START Exercise data
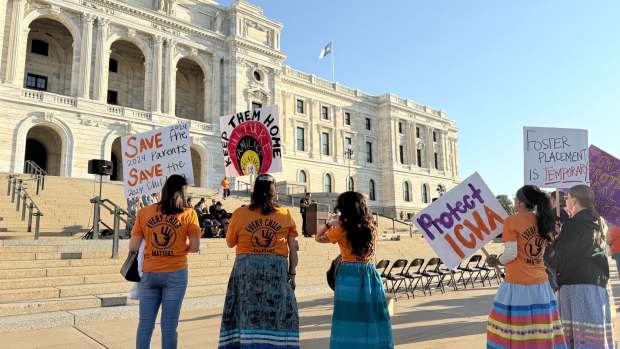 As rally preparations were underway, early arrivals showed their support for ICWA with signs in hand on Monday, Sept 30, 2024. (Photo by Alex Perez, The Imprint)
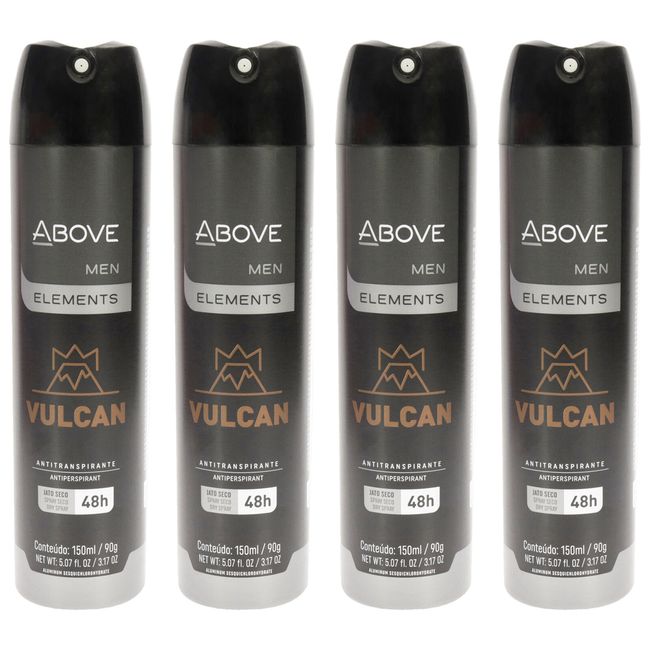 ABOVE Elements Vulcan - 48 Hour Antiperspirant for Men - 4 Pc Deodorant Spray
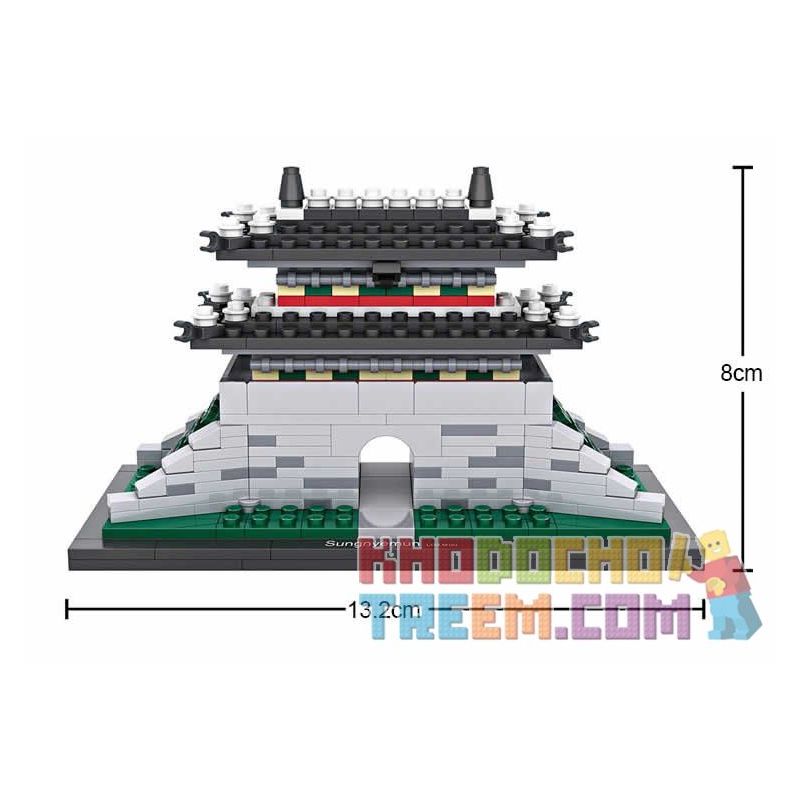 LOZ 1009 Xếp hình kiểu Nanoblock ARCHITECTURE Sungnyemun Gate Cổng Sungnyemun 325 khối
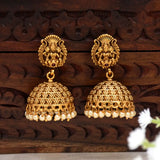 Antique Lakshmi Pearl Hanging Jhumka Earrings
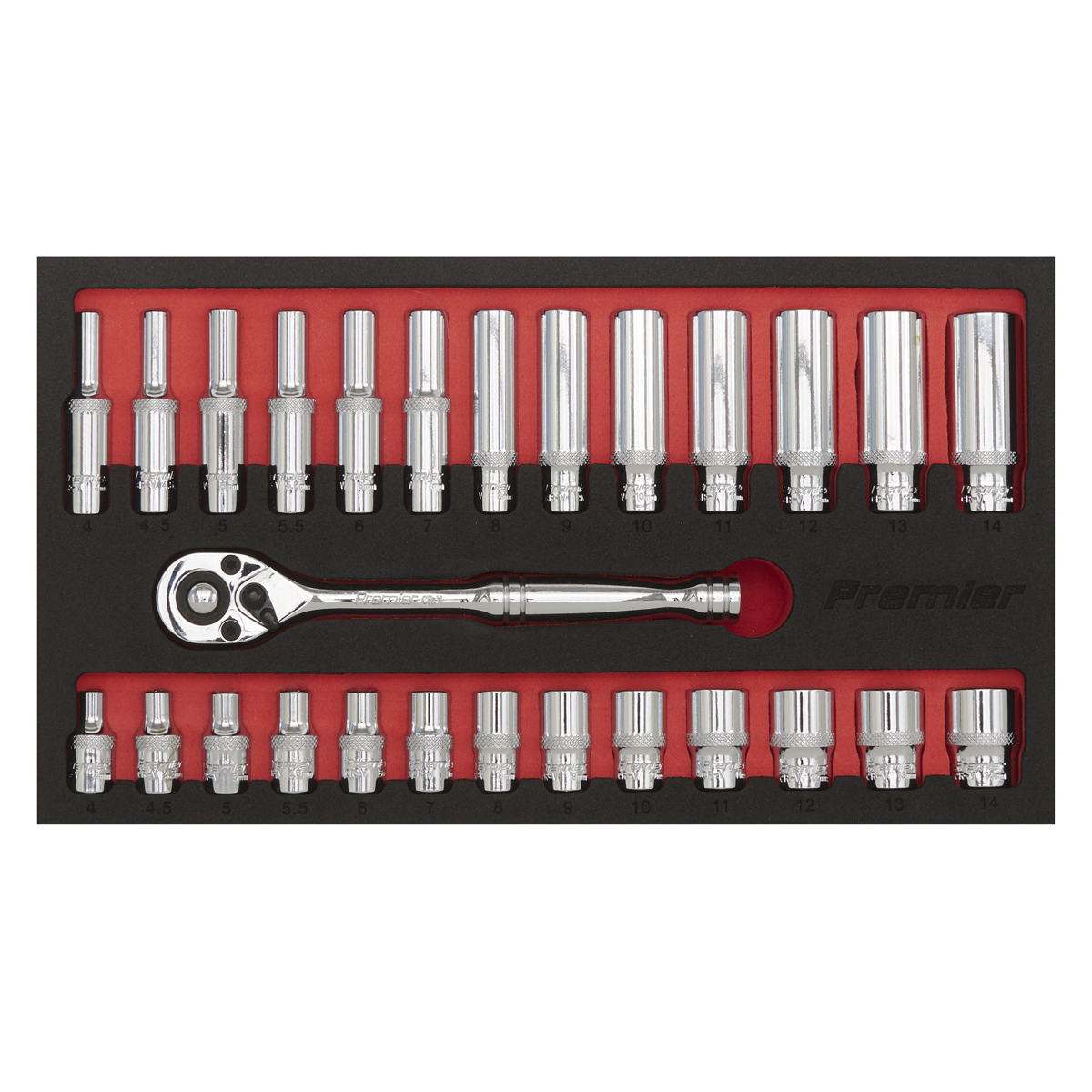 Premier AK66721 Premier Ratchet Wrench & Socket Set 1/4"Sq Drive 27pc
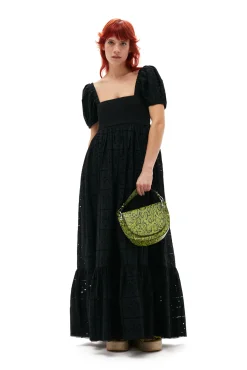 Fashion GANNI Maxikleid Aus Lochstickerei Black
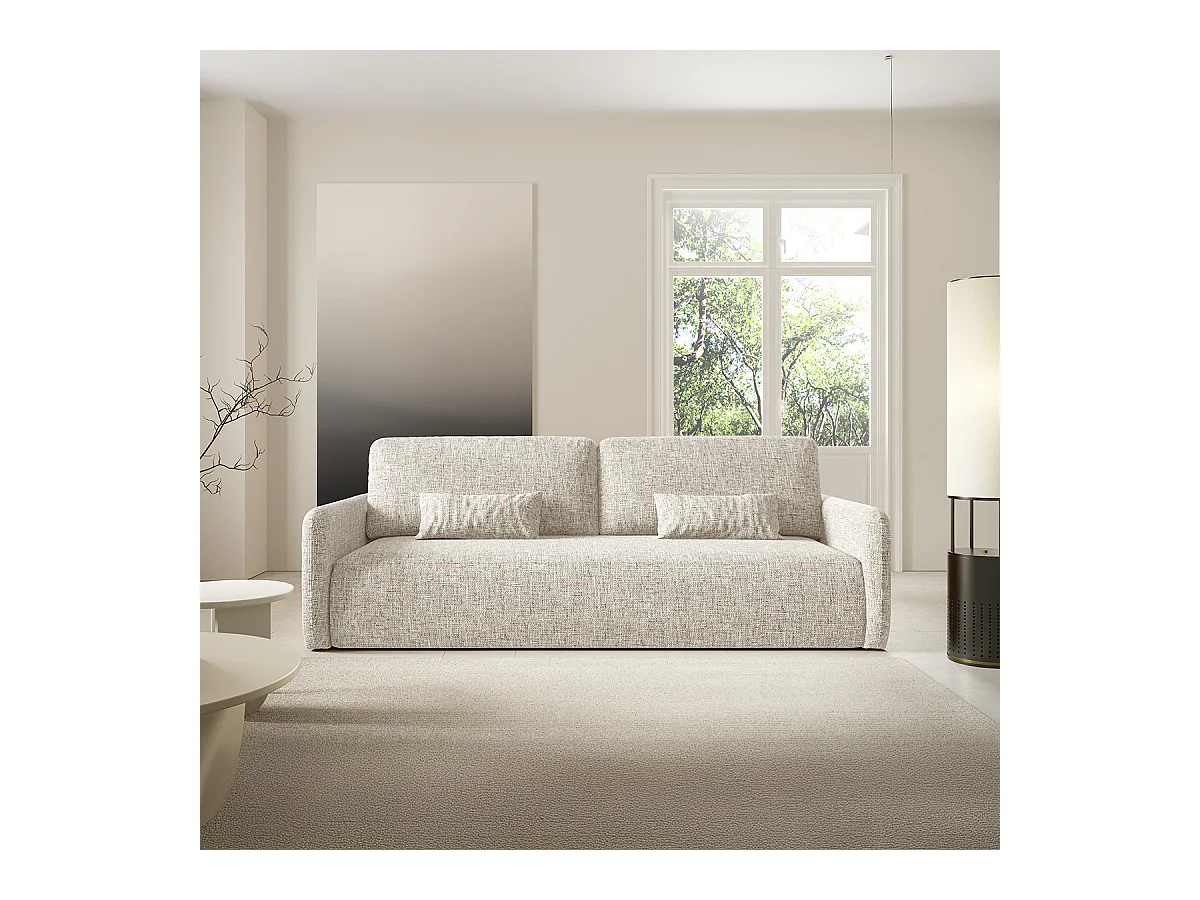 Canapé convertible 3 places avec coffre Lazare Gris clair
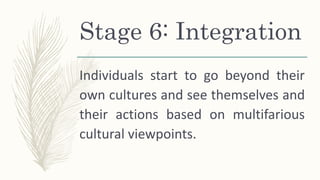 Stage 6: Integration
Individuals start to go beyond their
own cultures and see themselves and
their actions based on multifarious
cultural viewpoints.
END Exercise data
START Exercise data
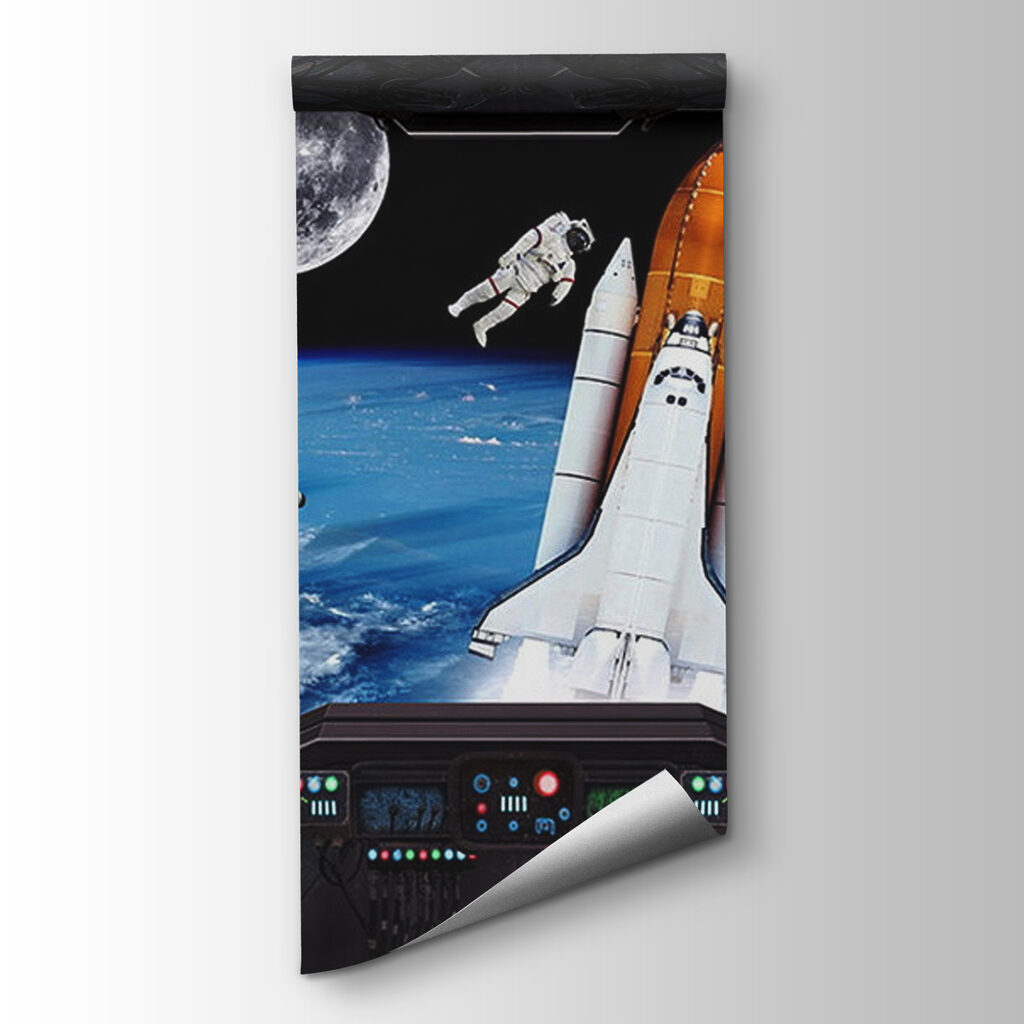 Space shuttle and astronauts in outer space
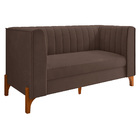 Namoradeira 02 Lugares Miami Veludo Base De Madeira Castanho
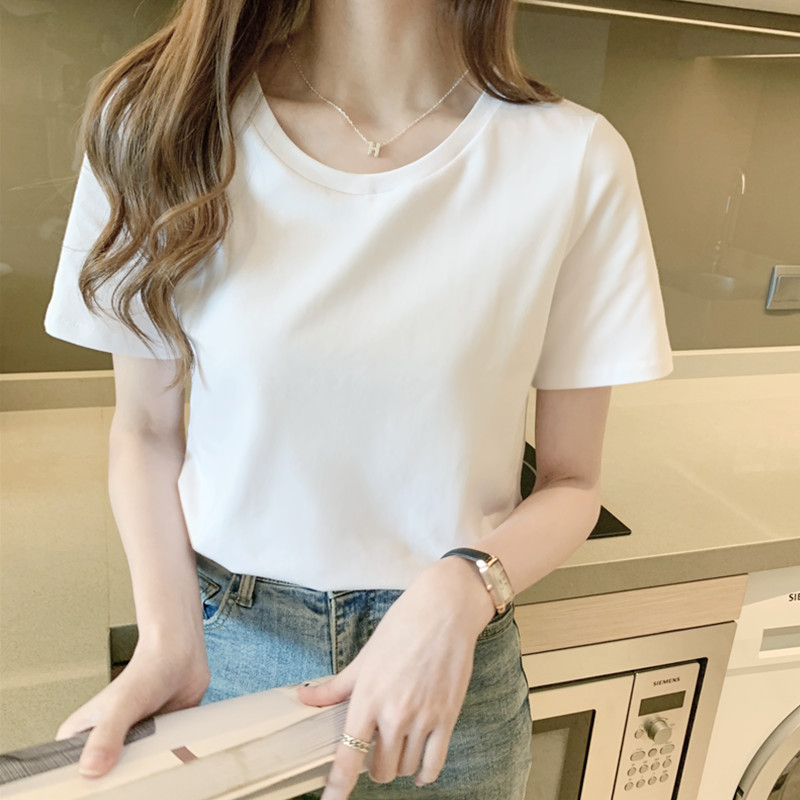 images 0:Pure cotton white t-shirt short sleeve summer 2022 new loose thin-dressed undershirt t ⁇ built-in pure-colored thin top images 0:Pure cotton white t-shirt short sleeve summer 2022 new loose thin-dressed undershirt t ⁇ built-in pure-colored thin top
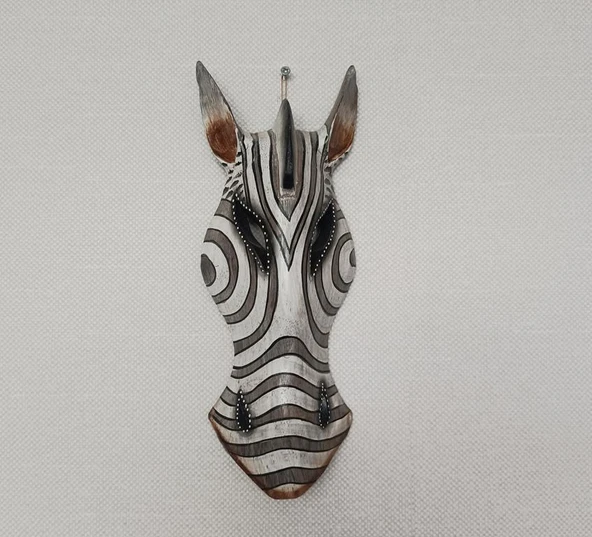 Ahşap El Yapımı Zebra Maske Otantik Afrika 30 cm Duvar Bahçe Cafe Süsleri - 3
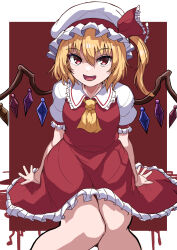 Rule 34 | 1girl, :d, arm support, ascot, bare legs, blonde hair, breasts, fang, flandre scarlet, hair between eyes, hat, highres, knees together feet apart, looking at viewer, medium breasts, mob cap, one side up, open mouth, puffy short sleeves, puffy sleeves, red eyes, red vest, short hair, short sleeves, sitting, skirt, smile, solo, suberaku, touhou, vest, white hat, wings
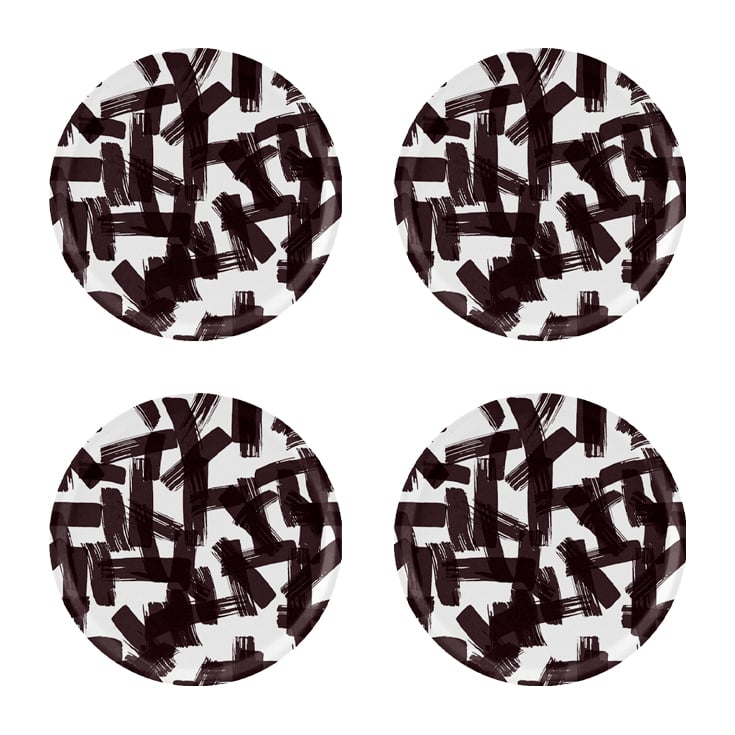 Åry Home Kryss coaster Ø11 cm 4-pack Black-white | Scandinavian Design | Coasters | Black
END Exercise data
START Exercise data
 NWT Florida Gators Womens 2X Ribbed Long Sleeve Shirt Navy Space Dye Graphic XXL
END Exercise data
## Work instruction
Taking the material above, extract exactly and only the lines from the line with "own cultures and see themselves and" to the line with "cultural viewpoints.", inclusive of both.

## Solution
own cultures and see themselves and
their actions based on multifarious
cultural viewpoints.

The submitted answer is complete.